- **RECORDED INFORMATION**:
-=-=-=-=-
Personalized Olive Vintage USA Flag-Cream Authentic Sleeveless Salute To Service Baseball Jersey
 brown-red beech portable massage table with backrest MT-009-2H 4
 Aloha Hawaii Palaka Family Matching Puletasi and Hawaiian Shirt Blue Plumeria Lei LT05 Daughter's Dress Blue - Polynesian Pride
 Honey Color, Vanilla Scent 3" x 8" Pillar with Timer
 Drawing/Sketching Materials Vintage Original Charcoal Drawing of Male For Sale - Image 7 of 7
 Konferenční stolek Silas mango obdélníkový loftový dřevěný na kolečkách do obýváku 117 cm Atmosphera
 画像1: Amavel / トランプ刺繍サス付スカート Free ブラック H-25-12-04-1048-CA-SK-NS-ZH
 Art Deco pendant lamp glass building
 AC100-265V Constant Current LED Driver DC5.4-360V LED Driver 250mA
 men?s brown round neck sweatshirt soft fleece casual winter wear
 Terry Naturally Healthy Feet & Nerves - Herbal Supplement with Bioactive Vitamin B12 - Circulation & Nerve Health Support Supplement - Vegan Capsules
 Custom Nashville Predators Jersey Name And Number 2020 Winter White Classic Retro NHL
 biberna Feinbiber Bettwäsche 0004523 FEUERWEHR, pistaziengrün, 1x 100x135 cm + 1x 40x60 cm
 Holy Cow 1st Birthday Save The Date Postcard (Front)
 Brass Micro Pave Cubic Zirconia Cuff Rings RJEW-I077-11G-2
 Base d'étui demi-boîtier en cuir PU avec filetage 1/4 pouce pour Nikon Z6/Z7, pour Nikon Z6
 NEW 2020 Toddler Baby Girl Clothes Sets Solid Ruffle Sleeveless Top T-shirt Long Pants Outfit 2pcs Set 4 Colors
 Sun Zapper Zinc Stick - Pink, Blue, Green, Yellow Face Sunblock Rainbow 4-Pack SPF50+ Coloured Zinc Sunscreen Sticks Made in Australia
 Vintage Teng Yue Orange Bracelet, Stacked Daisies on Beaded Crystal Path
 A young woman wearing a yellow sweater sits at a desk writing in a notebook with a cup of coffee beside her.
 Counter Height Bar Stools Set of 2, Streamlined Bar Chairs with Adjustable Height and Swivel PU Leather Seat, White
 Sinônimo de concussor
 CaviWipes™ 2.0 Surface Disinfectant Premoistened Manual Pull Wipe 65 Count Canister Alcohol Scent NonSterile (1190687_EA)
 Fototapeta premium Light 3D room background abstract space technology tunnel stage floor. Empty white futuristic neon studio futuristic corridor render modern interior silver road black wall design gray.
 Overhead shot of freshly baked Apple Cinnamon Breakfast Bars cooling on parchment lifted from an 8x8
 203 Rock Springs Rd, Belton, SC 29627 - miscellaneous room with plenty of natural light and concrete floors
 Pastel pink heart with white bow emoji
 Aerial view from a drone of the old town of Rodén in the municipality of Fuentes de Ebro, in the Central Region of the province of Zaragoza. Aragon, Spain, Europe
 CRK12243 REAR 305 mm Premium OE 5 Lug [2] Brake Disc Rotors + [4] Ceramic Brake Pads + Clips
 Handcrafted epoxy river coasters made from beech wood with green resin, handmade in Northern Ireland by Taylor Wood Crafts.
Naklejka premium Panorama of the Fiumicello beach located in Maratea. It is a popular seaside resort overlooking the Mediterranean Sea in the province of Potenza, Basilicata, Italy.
-=-=-=-=-
- **WORK INSTRUCTION**: Write out the full listing, keeping every line exactly as it is.

- **RESPONSE TO THIS EXERCISE**:
Personalized Olive Vintage USA Flag-Cream Authentic Sleeveless Salute To Service Baseball Jersey
 brown-red beech portable massage table with backrest MT-009-2H 4
 Aloha Hawaii Palaka Family Matching Puletasi and Hawaiian Shirt Blue Plumeria Lei LT05 Daughter's Dress Blue - Polynesian Pride
 Honey Color, Vanilla Scent 3" x 8" Pillar with Timer
 Drawing/Sketching Materials Vintage Original Charcoal Drawing of Male For Sale - Image 7 of 7
 Konferenční stolek Silas mango obdélníkový loftový dřevěný na kolečkách do obýváku 117 cm Atmosphera
 画像1: Amavel / トランプ刺繍サス付スカート Free ブラック H-25-12-04-1048-CA-SK-NS-ZH
 Art Deco pendant lamp glass building
 AC100-265V Constant Current LED Driver DC5.4-360V LED Driver 250mA
 men?s brown round neck sweatshirt soft fleece casual winter wear
 Terry Naturally Healthy Feet & Nerves - Herbal Supplement with Bioactive Vitamin B12 - Circulation & Nerve Health Support Supplement - Vegan Capsules
 Custom Nashville Predators Jersey Name And Number 2020 Winter White Classic Retro NHL
 biberna Feinbiber Bettwäsche 0004523 FEUERWEHR, pistaziengrün, 1x 100x135 cm + 1x 40x60 cm
 Holy Cow 1st Birthday Save The Date Postcard (Front)
 Brass Micro Pave Cubic Zirconia Cuff Rings RJEW-I077-11G-2
 Base d'étui demi-boîtier en cuir PU avec filetage 1/4 pouce pour Nikon Z6/Z7, pour Nikon Z6
 NEW 2020 Toddler Baby Girl Clothes Sets Solid Ruffle Sleeveless Top T-shirt Long Pants Outfit 2pcs Set 4 Colors
 Sun Zapper Zinc Stick - Pink, Blue, Green, Yellow Face Sunblock Rainbow 4-Pack SPF50+ Coloured Zinc Sunscreen Sticks Made in Australia
 Vintage Teng Yue Orange Bracelet, Stacked Daisies on Beaded Crystal Path
 A young woman wearing a yellow sweater sits at a desk writing in a notebook with a cup of coffee beside her.
 Counter Height Bar Stools Set of 2, Streamlined Bar Chairs with Adjustable Height and Swivel PU Leather Seat, White
 Sinônimo de concussor
 CaviWipes™ 2.0 Surface Disinfectant Premoistened Manual Pull Wipe 65 Count Canister Alcohol Scent NonSterile (1190687_EA)
 Fototapeta premium Light 3D room background abstract space technology tunnel stage floor. Empty white futuristic neon studio futuristic corridor render modern interior silver road black wall design gray.
 Overhead shot of freshly baked Apple Cinnamon Breakfast Bars cooling on parchment lifted from an 8x8
 203 Rock Springs Rd, Belton, SC 29627 - miscellaneous room with plenty of natural light and concrete floors
 Pastel pink heart with white bow emoji
 Aerial view from a drone of the old town of Rodén in the municipality of Fuentes de Ebro, in the Central Region of the province of Zaragoza. Aragon, Spain, Europe
 CRK12243 REAR 305 mm Premium OE 5 Lug [2] Brake Disc Rotors + [4] Ceramic Brake Pads + Clips
 Handcrafted epoxy river coasters made from beech wood with green resin, handmade in Northern Ireland by Taylor Wood Crafts.
Naklejka premium Panorama of the Fiumicello beach located in Maratea. It is a popular seaside resort overlooking the Mediterranean Sea in the province of Potenza, Basilicata, Italy.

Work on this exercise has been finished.